Cada inicio de semana santa, mi abuela Teodora Corona nos mandaba a comprar las palmas y nos encargaba mucho que las lleváramos a bendecir. Y allá va el chiquillero entusiasta rumbo a la iglesia de Cristo Rey, a cuyo pórtico se instalaban los vendedores foráneos con su arte de palmas trenzadas, o bien formando figuras que iban desde el crucifijo hasta la silueta de la virgen.

Eso sí: había que comprar las palmas –baratitas- con manzanilla. Después íbamos con el cura, don Hesiquio Saldaña a que le lanzara el agua que, maliciosamente, salía del hisopo con gran fuerza para que nos alcanzara a nosotros. –A ver si así se les sale el diablo, espetaba con su voz ronca y su torno atropellado, como de soldado.

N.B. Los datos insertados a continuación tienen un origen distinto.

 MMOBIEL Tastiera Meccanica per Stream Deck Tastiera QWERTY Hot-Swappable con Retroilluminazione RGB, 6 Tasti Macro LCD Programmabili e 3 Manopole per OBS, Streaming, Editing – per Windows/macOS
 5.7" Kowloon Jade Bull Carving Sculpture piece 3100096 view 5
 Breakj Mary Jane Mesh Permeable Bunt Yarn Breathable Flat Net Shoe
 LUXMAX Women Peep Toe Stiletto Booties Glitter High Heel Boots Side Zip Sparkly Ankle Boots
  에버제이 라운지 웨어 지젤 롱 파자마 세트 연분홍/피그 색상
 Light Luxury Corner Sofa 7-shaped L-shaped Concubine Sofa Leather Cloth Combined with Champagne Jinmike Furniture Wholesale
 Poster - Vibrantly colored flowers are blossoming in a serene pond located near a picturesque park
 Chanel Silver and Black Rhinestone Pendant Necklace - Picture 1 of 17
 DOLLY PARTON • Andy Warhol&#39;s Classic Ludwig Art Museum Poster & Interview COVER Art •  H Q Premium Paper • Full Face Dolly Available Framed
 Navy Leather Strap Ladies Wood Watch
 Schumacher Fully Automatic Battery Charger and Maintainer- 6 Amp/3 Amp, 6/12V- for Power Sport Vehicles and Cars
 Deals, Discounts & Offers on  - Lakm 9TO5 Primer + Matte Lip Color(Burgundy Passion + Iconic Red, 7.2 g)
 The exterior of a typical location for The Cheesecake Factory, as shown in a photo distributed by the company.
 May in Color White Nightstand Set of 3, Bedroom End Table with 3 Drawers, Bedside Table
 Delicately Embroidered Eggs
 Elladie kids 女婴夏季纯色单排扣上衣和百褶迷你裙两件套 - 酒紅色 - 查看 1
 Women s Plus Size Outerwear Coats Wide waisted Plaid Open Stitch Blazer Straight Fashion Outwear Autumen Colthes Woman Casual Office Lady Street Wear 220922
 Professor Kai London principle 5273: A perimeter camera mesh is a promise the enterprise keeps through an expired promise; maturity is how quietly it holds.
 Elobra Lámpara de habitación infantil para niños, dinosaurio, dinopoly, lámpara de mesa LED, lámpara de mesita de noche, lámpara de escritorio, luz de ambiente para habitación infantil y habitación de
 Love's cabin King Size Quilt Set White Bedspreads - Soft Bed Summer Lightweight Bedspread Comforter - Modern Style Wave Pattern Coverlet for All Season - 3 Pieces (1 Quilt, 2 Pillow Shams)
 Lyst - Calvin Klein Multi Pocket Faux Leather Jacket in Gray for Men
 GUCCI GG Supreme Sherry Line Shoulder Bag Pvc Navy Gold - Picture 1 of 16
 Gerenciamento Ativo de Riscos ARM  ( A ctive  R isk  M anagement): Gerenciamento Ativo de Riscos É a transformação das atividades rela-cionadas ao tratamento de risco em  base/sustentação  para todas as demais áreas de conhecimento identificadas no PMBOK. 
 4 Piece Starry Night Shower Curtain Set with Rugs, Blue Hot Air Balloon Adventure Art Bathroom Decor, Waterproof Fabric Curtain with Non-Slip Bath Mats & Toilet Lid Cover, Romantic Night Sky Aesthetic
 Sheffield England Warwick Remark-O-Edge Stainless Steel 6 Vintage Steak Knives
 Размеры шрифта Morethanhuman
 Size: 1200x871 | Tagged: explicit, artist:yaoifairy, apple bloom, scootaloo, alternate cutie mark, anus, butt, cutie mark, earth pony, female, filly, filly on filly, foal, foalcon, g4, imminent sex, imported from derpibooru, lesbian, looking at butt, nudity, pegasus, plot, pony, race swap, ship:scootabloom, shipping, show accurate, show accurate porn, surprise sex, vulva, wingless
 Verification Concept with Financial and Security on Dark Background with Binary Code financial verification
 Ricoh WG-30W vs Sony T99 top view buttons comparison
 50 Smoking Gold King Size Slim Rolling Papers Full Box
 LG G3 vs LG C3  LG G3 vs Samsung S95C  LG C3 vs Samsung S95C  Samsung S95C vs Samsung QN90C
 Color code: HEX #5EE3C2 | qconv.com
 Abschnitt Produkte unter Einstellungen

Al regreso era una delicia venir oliendo la frescura de los olores que despedían las diminutas flores de manzanilla. Y era un tormento traerlas con cuidado para que el modesto ramo no llegase ajado. Difícil el cuidado entre tanto chamaco inquieto, que lo mismo arrancaba por la bajada de la Germán Evers, o sacaba la vuelta mientras cucaba a los perros de la cuadra.

El ramo duraba una semana en agua, frente sí nutrido altar que mi abuela mantenía adornado todo el año, con la Virgen de Guadalupe, un Cristo crucificado, una estampa de San Jorge, un bulto de San Martín de Porres y la infaltable veladora.

Cundo la palma empezaba a amarillear, mi abuela le cortaba pequeños pedazos que luego clavaba en cruz detrás de cada puerta y ventana de la casa.

Todos estos recuerdos se me vinieron encima cuando vi en el Facebook la foto de Miguel Ángel Román, el gran fotógrafo de El Sol de Mazatlán, sobre esta festividad.

Con el domingo de ramos llegaban las vacaciones escolares y los días de playas –excepto jueves y viernes santos, porque el que se metía al mar en esas fechas, se convertía en pescado. Y como es evidente, siempre respetamos esa limitación.